Well, firstly, I'm not saying it.

But no. That is what I meant when I said this is not a relative statement.

If the title said "C is not the lowest-level language" then your objection would be valid... but it doesn't and it's not saying that.

But before I go into some lengthy explanation: have you read the article, or are you responding to the title alone?

In general terms, any language aiming to be lower-level than C should

- have an "abstract" machine that is more concrete than C (and by extension less portable)

- be easier to lower into optimal assembly (especially loop ops)

- give you strong and precise compile-time guarantees about memory layout (padding, bitfields), variable sizes, register spilling, stack usage, etc.

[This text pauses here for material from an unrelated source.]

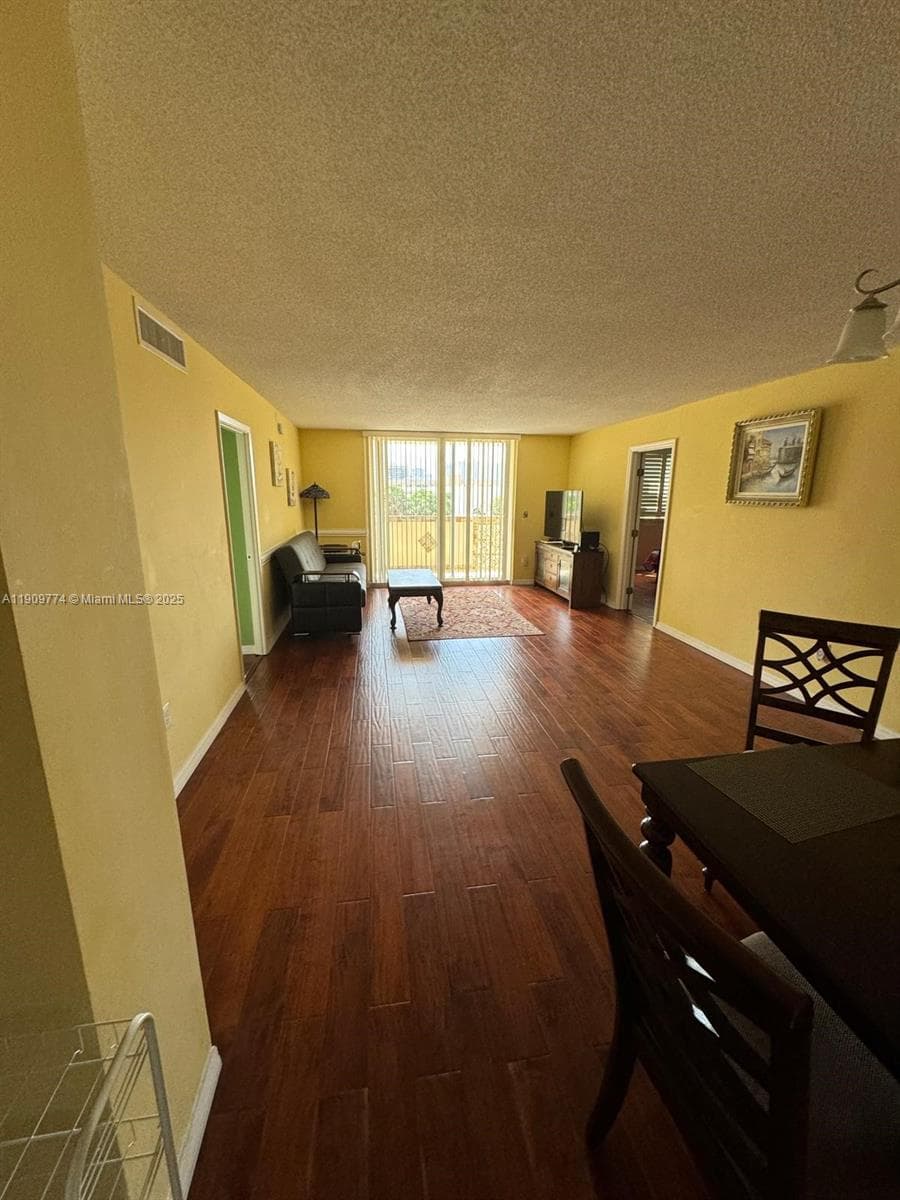 1833 S Ocean Dr 308 photo 6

Plenty to chose from since 1958's introduction of JOVIAL, when one cares to research what has happened in the world of systems programming outside Bell Labs, and UNIX/C taking over the server room.
Forth/joy maybe?
LLVM IR
Fortran, maybe?
B
Or T3X9, if you're prefer Algol-style syntax.
I think there is an argument that Brainfuck [0], et al, is lower than C, given that it eschews variables and functions.

[0] https://esolangs.org/wiki/Brainfuck

Low level means close to the processor, not small in scope.

You could argue brainfuck is machine language for a theroetical infinite tape machine, but such a machine can only exist when implemented in high-level software.